**Exercise prompt**:
Retype, exactly as they appear below, the lines between the line holding "1 Bligh Street, Kirwan, Qld 4817-Image" and the line holding "Thumbnail 1 in", both ends included.

**Recorded information**:
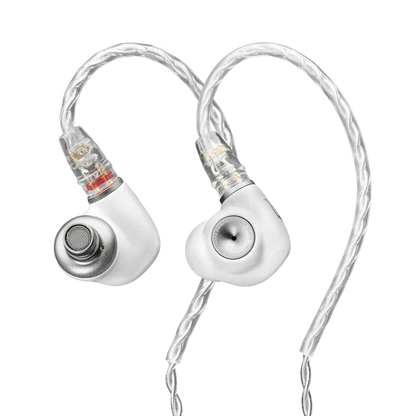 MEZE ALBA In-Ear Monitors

--

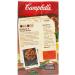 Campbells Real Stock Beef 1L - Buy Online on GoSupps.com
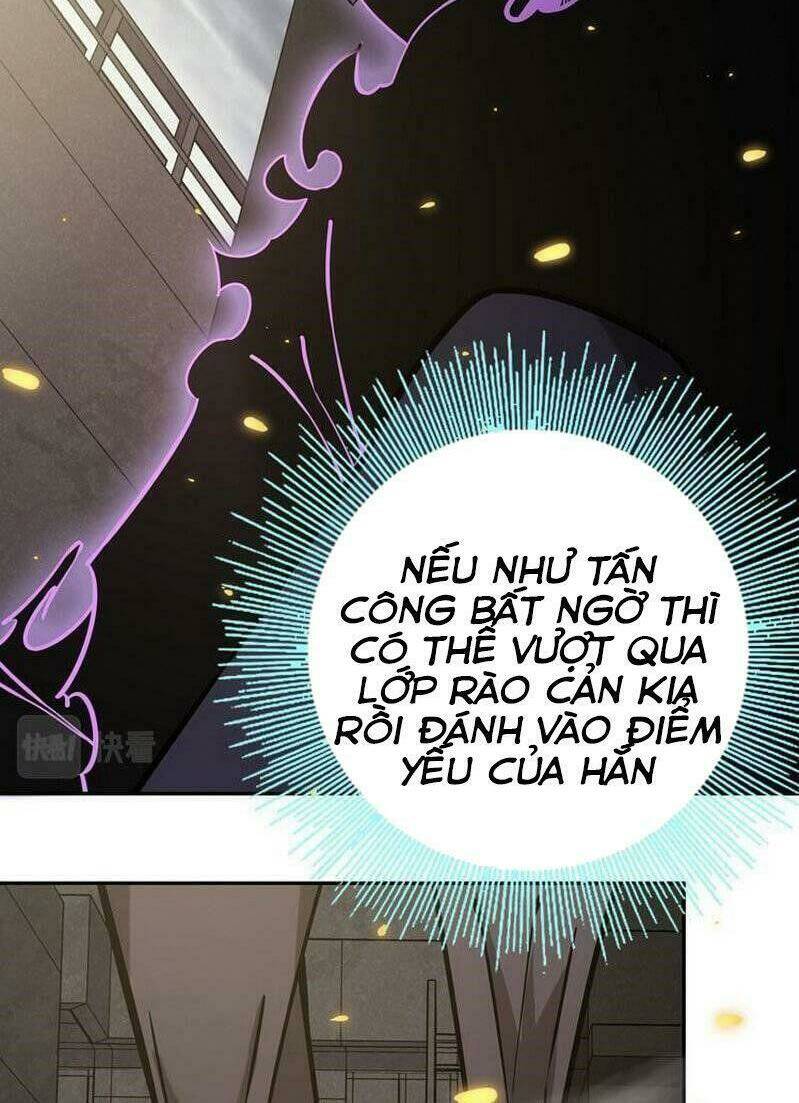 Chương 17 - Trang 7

* * *

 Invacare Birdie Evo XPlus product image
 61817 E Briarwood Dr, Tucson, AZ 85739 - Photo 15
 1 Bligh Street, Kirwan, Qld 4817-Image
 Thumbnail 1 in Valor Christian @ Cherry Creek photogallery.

**Exercise output**:
 1 Bligh Street, Kirwan, Qld 4817-Image
 Thumbnail 1 in Valor Christian @ Cherry Creek photogallery.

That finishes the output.